- _Instructions for the task_
Could you set down exactly the lines in the records below between the line holding "30mm #523 ベージュ』" and the line holding "How to activate Windows 10's secret God Mode", inclusive?

- _Records shown_
┌────────

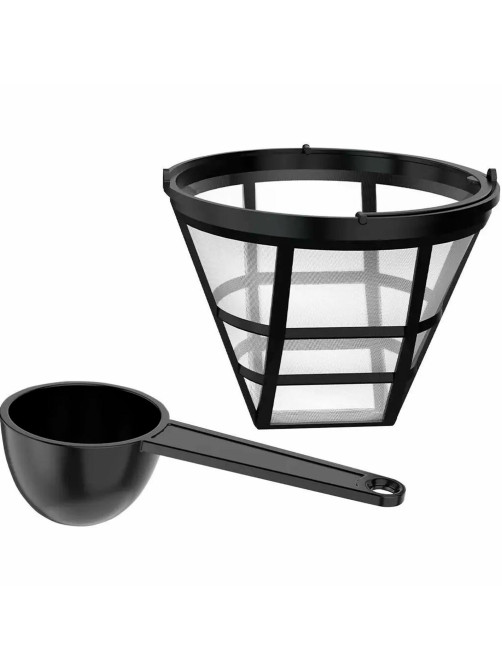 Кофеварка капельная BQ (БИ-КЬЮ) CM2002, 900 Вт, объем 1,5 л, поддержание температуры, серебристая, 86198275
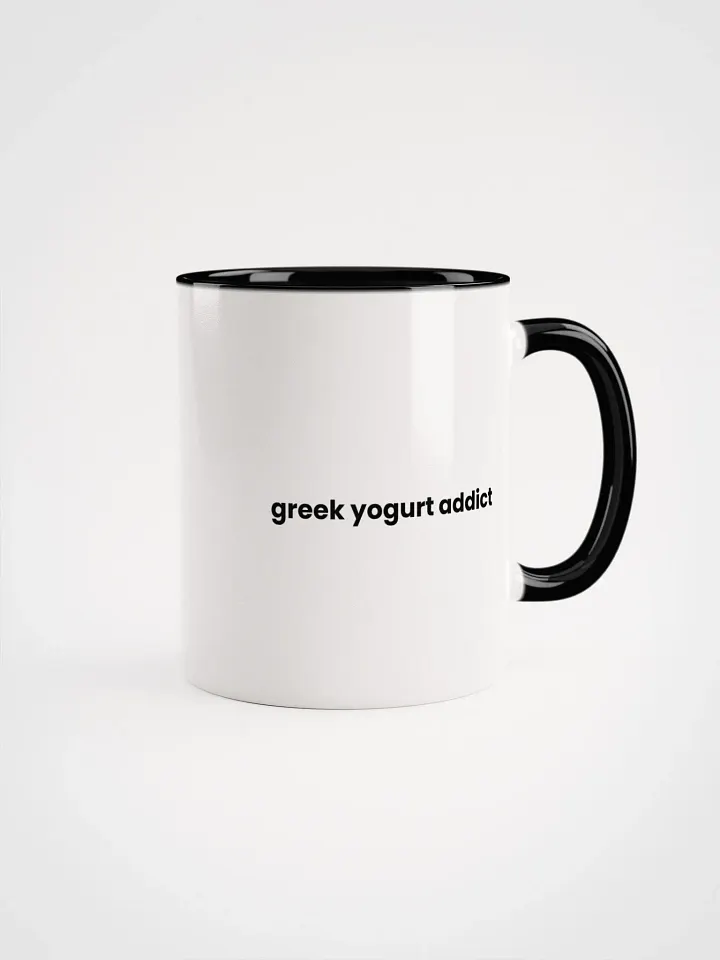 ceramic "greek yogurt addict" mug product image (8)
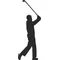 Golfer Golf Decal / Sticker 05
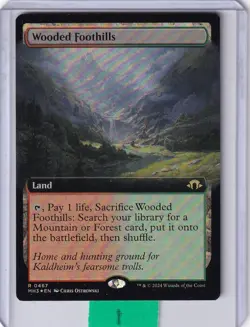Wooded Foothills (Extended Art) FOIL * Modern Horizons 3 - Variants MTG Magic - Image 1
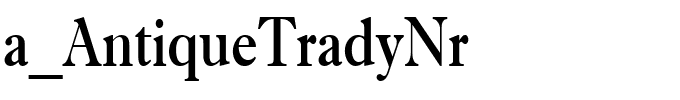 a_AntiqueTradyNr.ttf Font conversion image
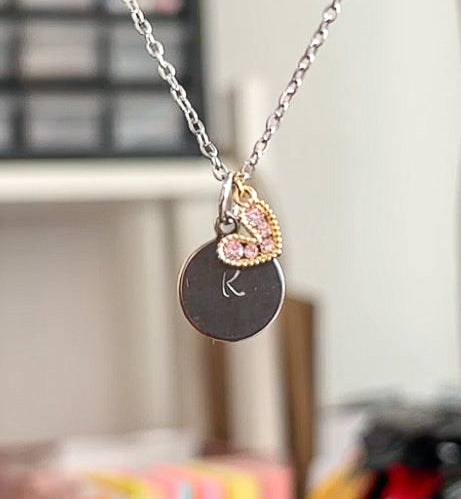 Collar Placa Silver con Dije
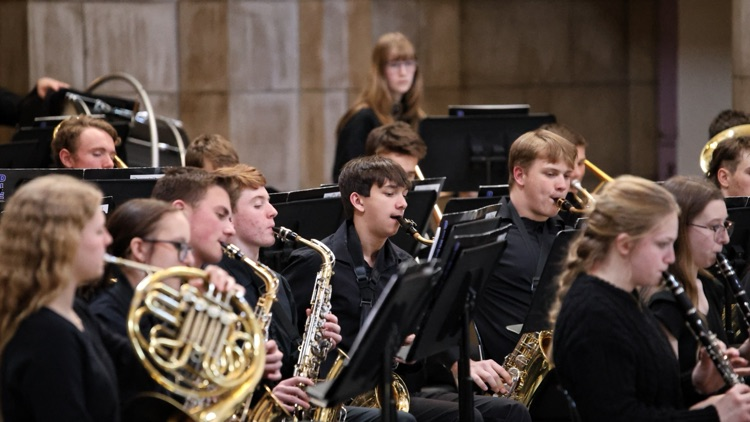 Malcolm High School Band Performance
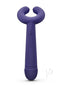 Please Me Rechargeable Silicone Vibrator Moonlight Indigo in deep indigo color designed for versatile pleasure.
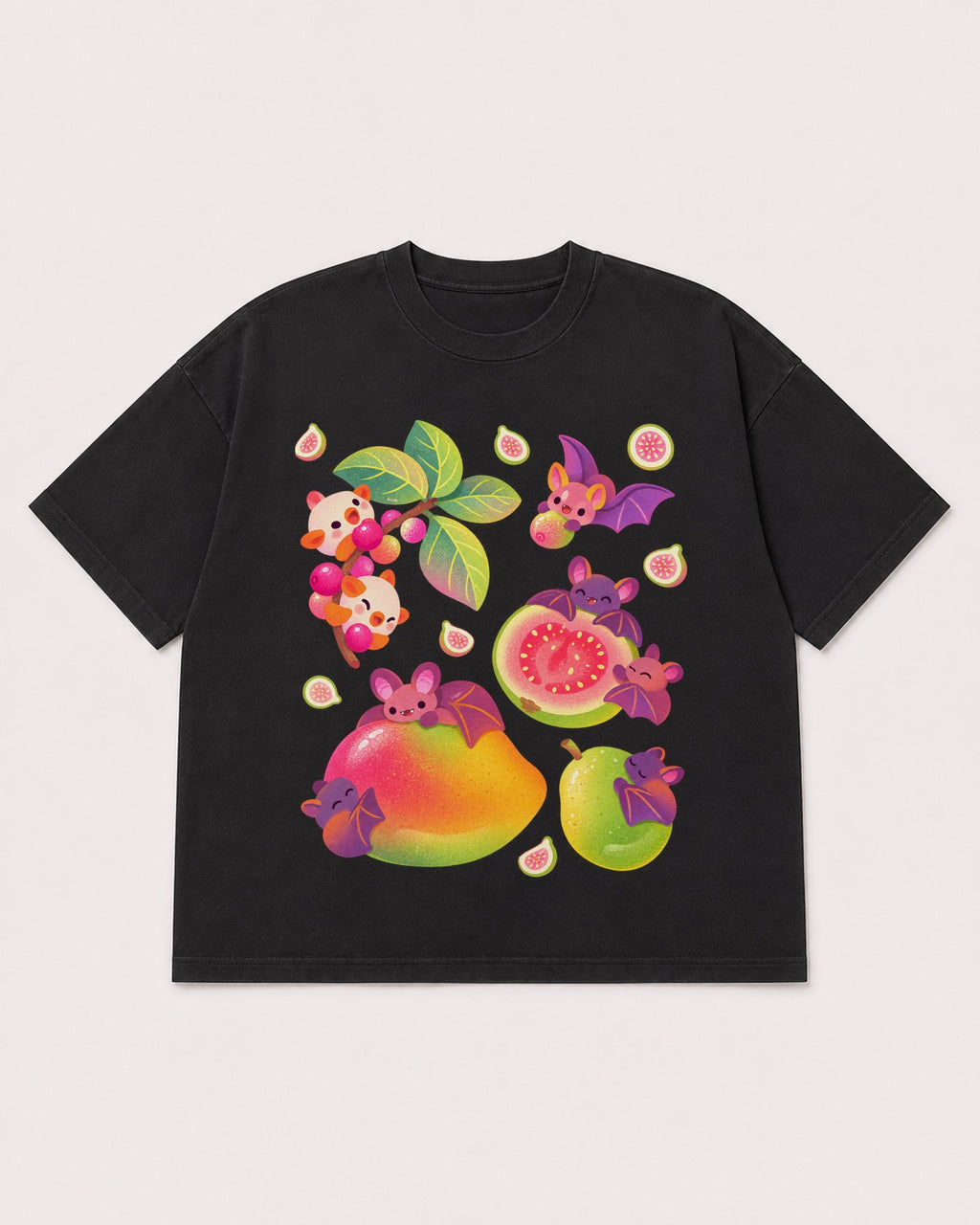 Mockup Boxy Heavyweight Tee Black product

└────────
┌────────

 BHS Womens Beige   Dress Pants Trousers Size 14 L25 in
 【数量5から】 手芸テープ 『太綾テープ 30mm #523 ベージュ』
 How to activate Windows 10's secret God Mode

└────────

- _Answer to the exercise_
 【数量5から】 手芸テープ 『太綾テープ 30mm #523 ベージュ』
 How to activate Windows 10's secret God Mode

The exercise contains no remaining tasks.